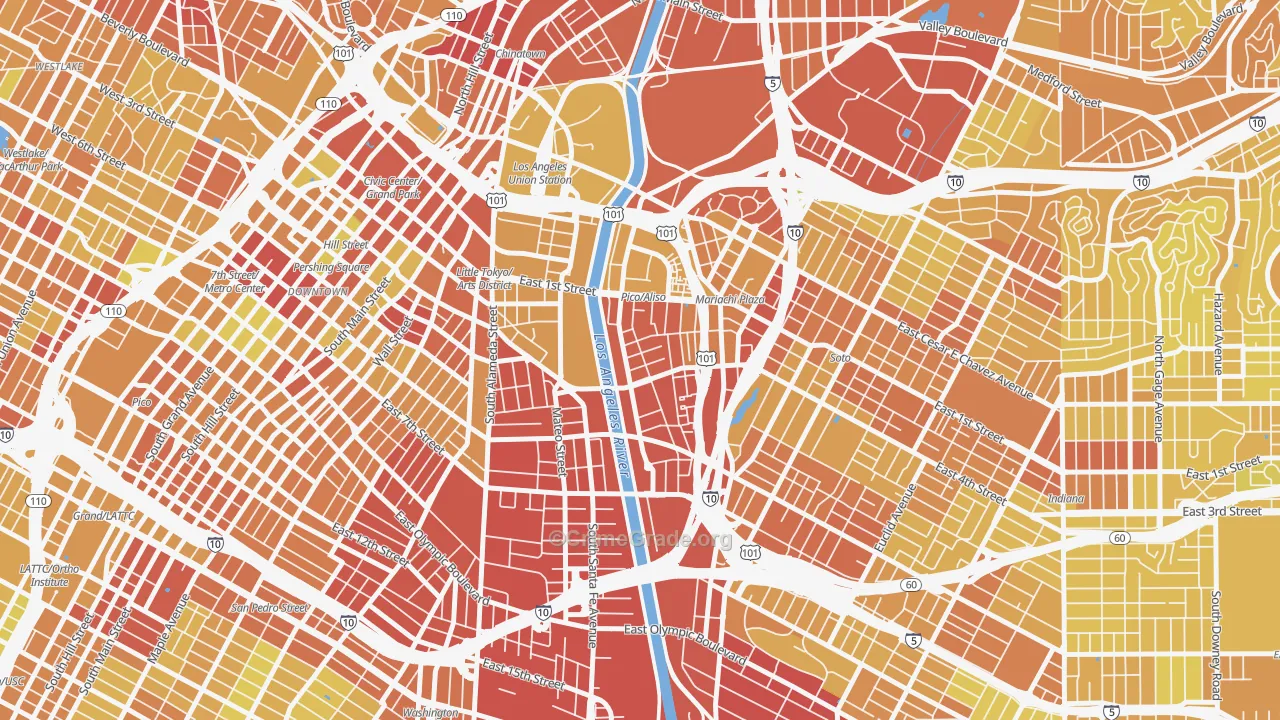 Central City East, Los Angeles, CA Map of Vehicle Theft Rates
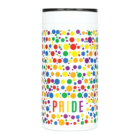 White tumbler decorated with colorful dots in various sizes, displaying the word PRIDE in rainbow letters. The tumbler has a black lid.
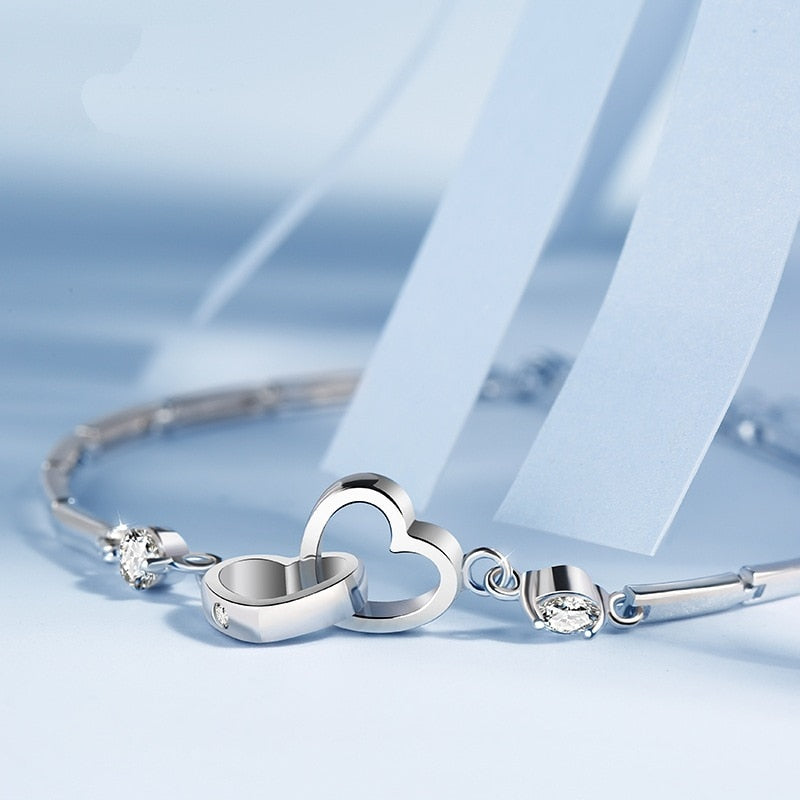 New Classic 925 Sterling Silver Bracelet With Double Zircon Heart For Women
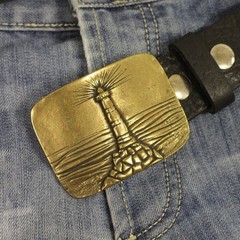 Lighthouse Antique Brass Belt Buckle – Nautical Style Maritime Buckle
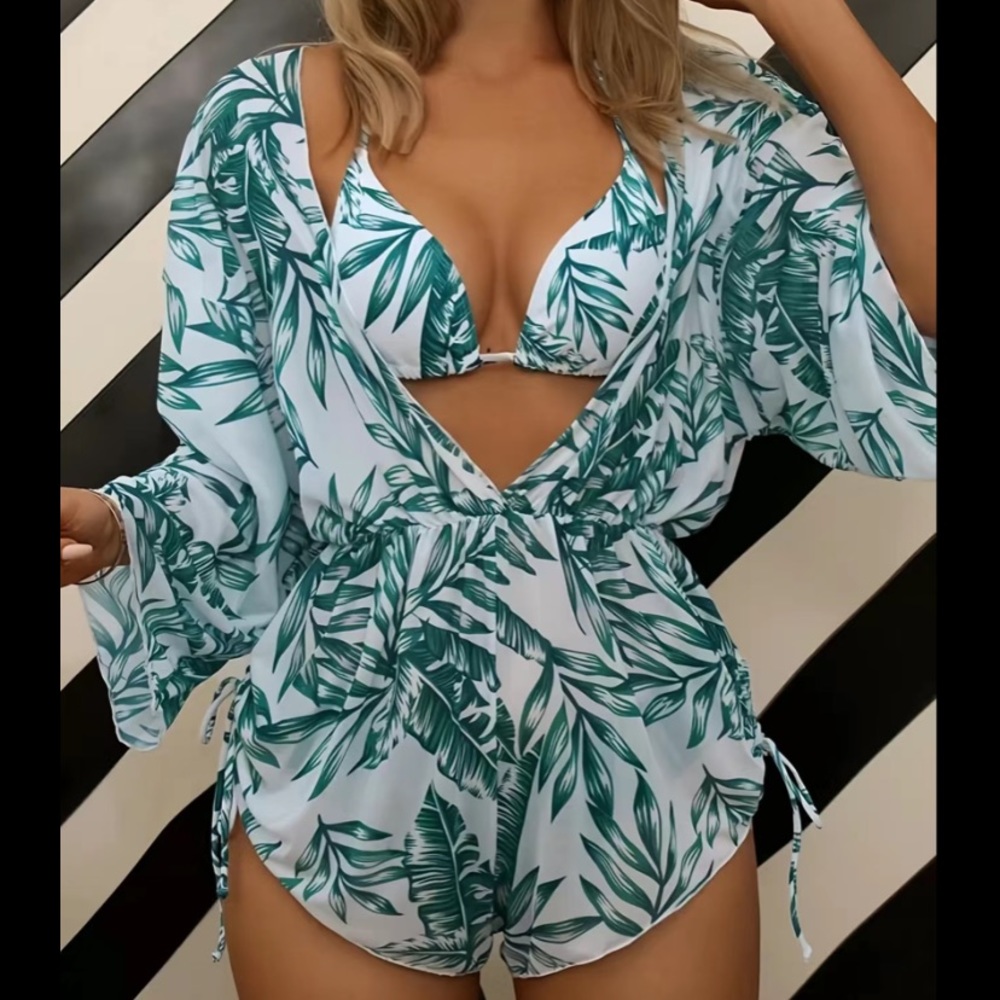 Tropical Triangle Top Bikini Bottoms Matching Romper Cover Up Swim Set Swimsuit - Picture 1 of 16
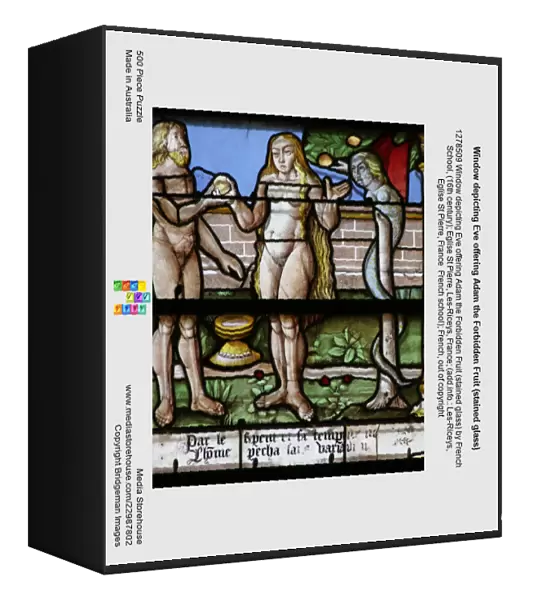 Window depicting Eve offering Adam the Forbidden Fruit (stained glass)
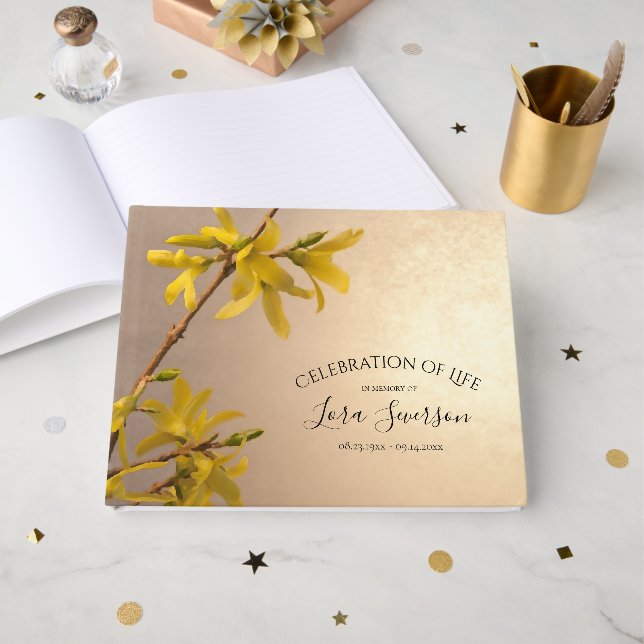Yellow Forsythia Feier zum Gedenken an das Leben Gästebuch (Vorderseite Offen)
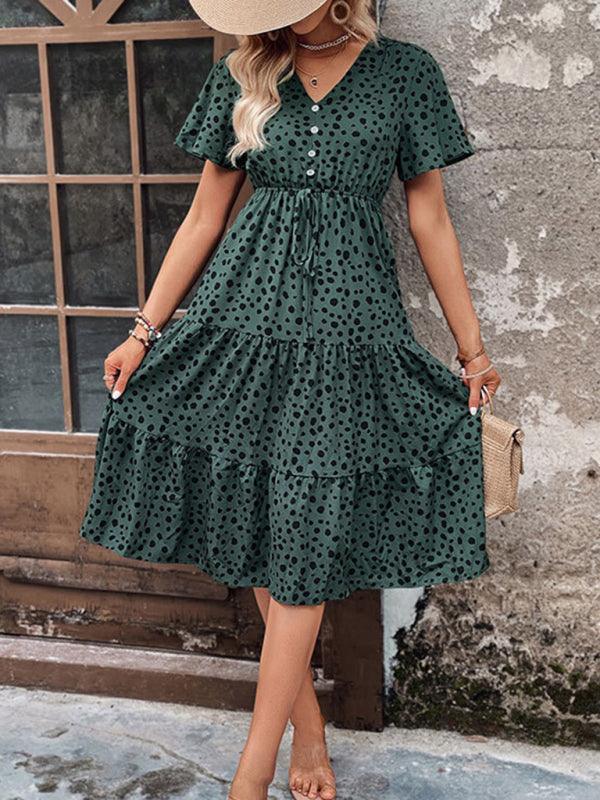 Midi Jurk met V-hals en Polka Dots - Midi Dresses - Jurkjes.co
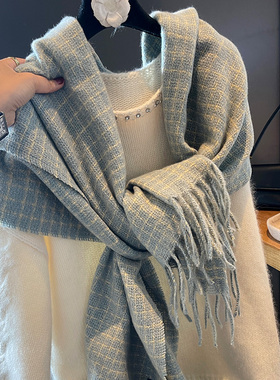 软糯显白淡蓝细格子仿羊绒围巾女韩国秋冬加厚长披肩保暖学生围脖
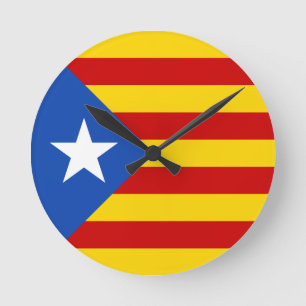 "L'Estelada Blava" Catalan Independence Flag Round Clock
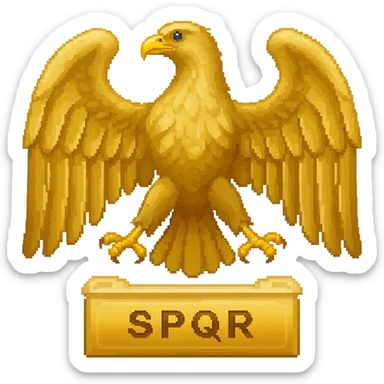 roman eagle in gold with the letters "S P Q R" on the bottom in a golden box. no background, sharp outline and low pixel count to use it as an emoji sticker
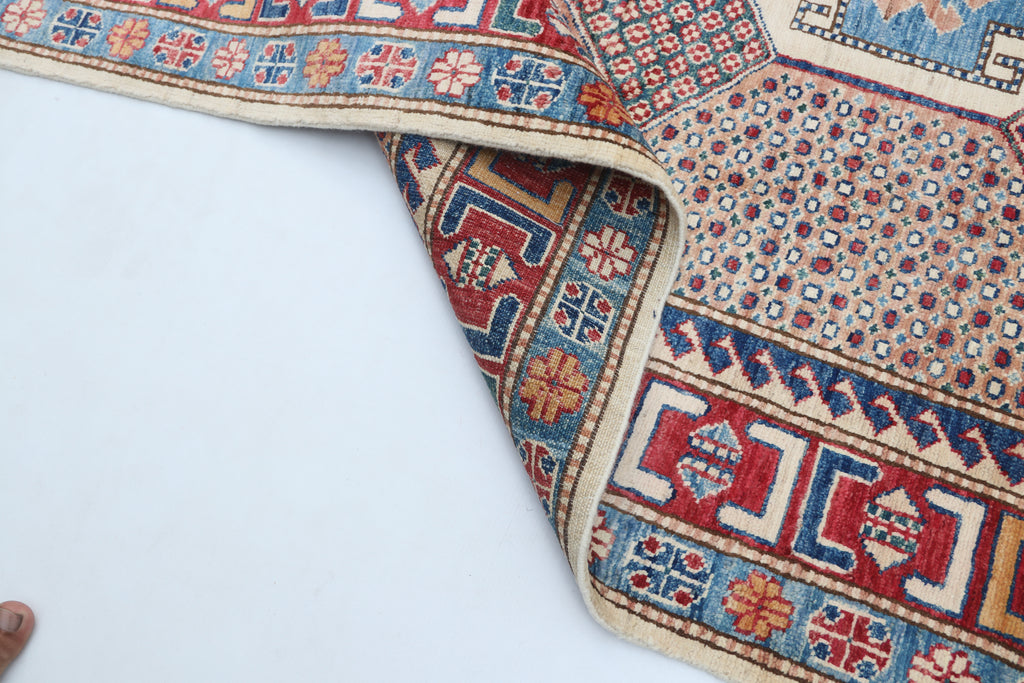 5.5x8 Beige Super Kazak Geometric Area Rug | Handmade Wool & Cotton Rug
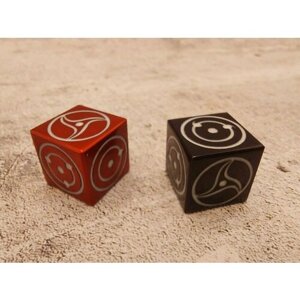 Игральные кости Sharingan Dice/ Дайсы из металла, игральные кубики для DnD? Дизайнерские кости 16*16 мм. для настольных и ролевых игр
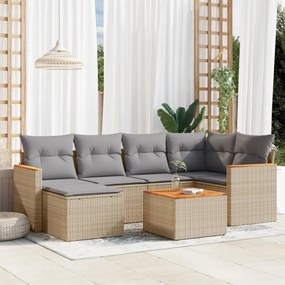 7 pcs conj. sofás jardim c/ almofadões vime PE bege misturado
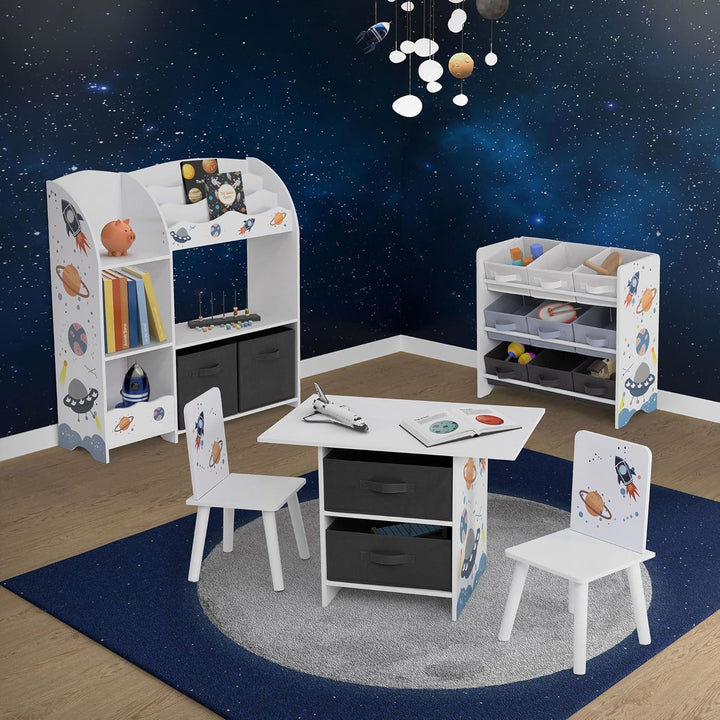 Joyz Kinderregal, Weltraum, 62,5x29,5x60 cm, Weiss, Spielzeugregal mit 9 Aufbewahrungsboxen aus Vlie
────────
--- About this exercise ---
The entries should be reproduced word for word, pictures omitted.

--- Exercise output ---
 Central City East, Los Angeles, CA Map of Vehicle Theft Rates
 White tumbler decorated with colorful dots in various sizes, displaying the word PRIDE in rainbow letters. The tumbler has a black lid.
 New Classic 925 Sterling Silver Bracelet With Double Zircon Heart For Women
 Lighthouse Antique Brass Belt Buckle – Nautical Style Maritime Buckle
 Tropical Triangle Top Bikini Bottoms Matching Romper Cover Up Swim Set Swimsuit - Picture 1 of 16
 Window depicting Eve offering Adam the Forbidden Fruit (stained glass)
Yellow Forsythia Feier zum Gedenken an das Leben Gästebuch (Vorderseite Offen)
 Midi Jurk met V-hals en Polka Dots - Midi Dresses - Jurkjes.co
 软糯显白淡蓝细格子仿羊绒围巾女韩国秋冬加厚长披肩保暖学生围脖
 "L'Estelada Blava" Catalan Independence Flag Round Clock
 roman eagle in gold with the letters "S P Q R" on the bottom in a golden box. no background, sharp outline and low pixel count to use it as an emoji sticker
 5.5x8 Beige Super Kazak Geometric Area Rug | Handmade Wool & Cotton Rug
 Игральные кости Sharingan Dice/ Дайсы из металла, игральные кубики для DnD? Дизайнерские кости 16*16 мм. для настольных и ролевых игр
 7 pcs conj. sofás jardim c/ almofadões vime PE bege misturado
 Joyz Kinderregal, Weltraum, 62,5x29,5x60 cm, Weiss, Spielzeugregal mit 9 Aufbewahrungsboxen aus Vlie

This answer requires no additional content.